Universally Unique Identifiers in the Linux Kernel

UUID's are 128-bit numbers that are (virtually) unique. The UUID format was developed during the '80s as part of Remote Procedure Call (RPC) technology. It is standardized today by several organizations including the IETF with RFC 4122.

(Yes, I do personally remember Apollo workstations and the Network Computing System - "The Network is the Computer." I was just getting started with networking company Novell at the time.)
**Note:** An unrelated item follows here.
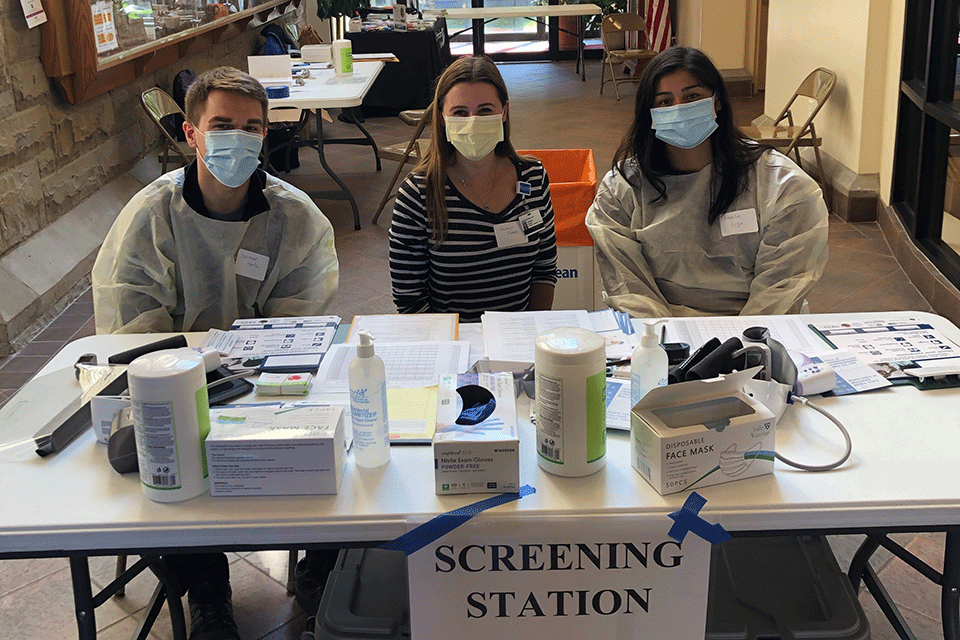 Desmond Martz, Mackenzie Roberts, and Natalie Lugo, all members of the Wegmans School of Pharmacy, volunteered at the mobile clinic.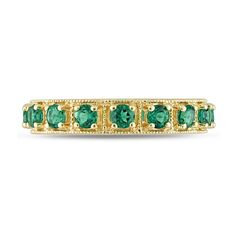 Display your everlasting commitment with this elegant and vintage-inspired green lab-created emerald eternity band. Fashioned in sterling silver with yellow rhodium plate This choice glistens with an endless row of verdant-green lab-created emeralds. Intricate milgrain-lined square-shaped frames add heirloom detail to the style. Emerald is the traditional birthstone for May and symbolizes loyalty, faithfulness and love. Elegant Green Stackable Eternity Band, Classic Green Stackable Eternity Band, Classic Green Eternity Promise Ring, Formal Green Gemstone Eternity Band, Classic Green Eternity Band For Formal Occasions, Classic Green Gemstone Eternity Band, Classic Gemstone Eternity Band For Formal Occasions, Green Emerald Eternity Band Fine Jewelry, Elegant Green Gemstone Eternity Band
UUIDs (and variations) are in use more than ever today because there is always a need for unique numbers and the uuid format is:

  1. Easy to generate
  2. Standardized across platforms and architectures
  3. Reliable
The third item--reliability--is worth discussing briefly. The most frequently used UUIDs are generated from a 60-bit time stamp and a MAC address. There is a theoretical chance that such a UUID could collide (have the same 128-bit value) with one generated by another node, but in practice this has not been a concern. Some algorithms generate UUIDs that are are provably unique. (For more information read RFC 4122.)

UUID kernel module

I uploaded the source code for a demonstration kernel module that shows how to use the interfaces I've made use of in my current project.  This demo code does the following:
  1. generate a random binary UUID
  2. convert the UUID to a 36-bit string
  3. parse the 36-bit string into a second binary UUID
  4. compare the 128-bit numbers from steps (1) and (3)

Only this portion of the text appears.